## PROMPT:
Once the pictures are set aside, reproduce the remaining data exactly.

[GIVEN MATERIAL]

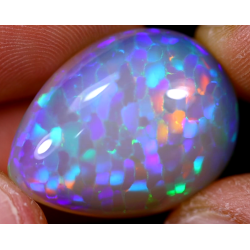 Opale éthiopienne 24.70 carats TOP GRADE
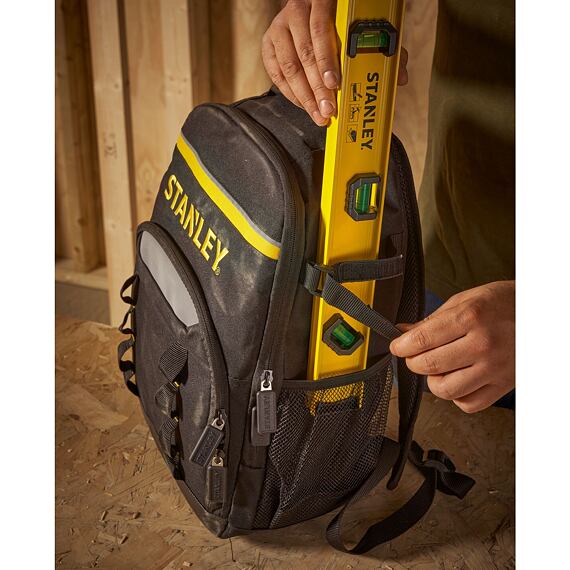 STANLEY STST1-72335 batoh na nářadí 36*48*18cm, 20l, vyztužená přihrádka pro notebook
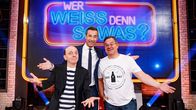 Wer weiß denn sowas? – Moderator Kai Pflaume (Mitte) und seine Rateteam-Kapitäne Bernhard Hoëcker (links) und Elton.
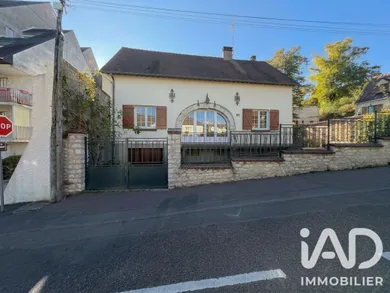 Maison traditionnelle à Le Malesherbois (45330)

[/GIVEN MATERIAL]

## FINISHED EXERCISE:
 Opale éthiopienne 24.70 carats TOP GRADE
 STANLEY STST1-72335 batoh na nářadí 36*48*18cm, 20l, vyztužená přihrádka pro notebook
 Wer weiß denn sowas? – Moderator Kai Pflaume (Mitte) und seine Rateteam-Kapitäne Bernhard Hoëcker (links) und Elton.
 Maison traditionnelle à Le Malesherbois (45330)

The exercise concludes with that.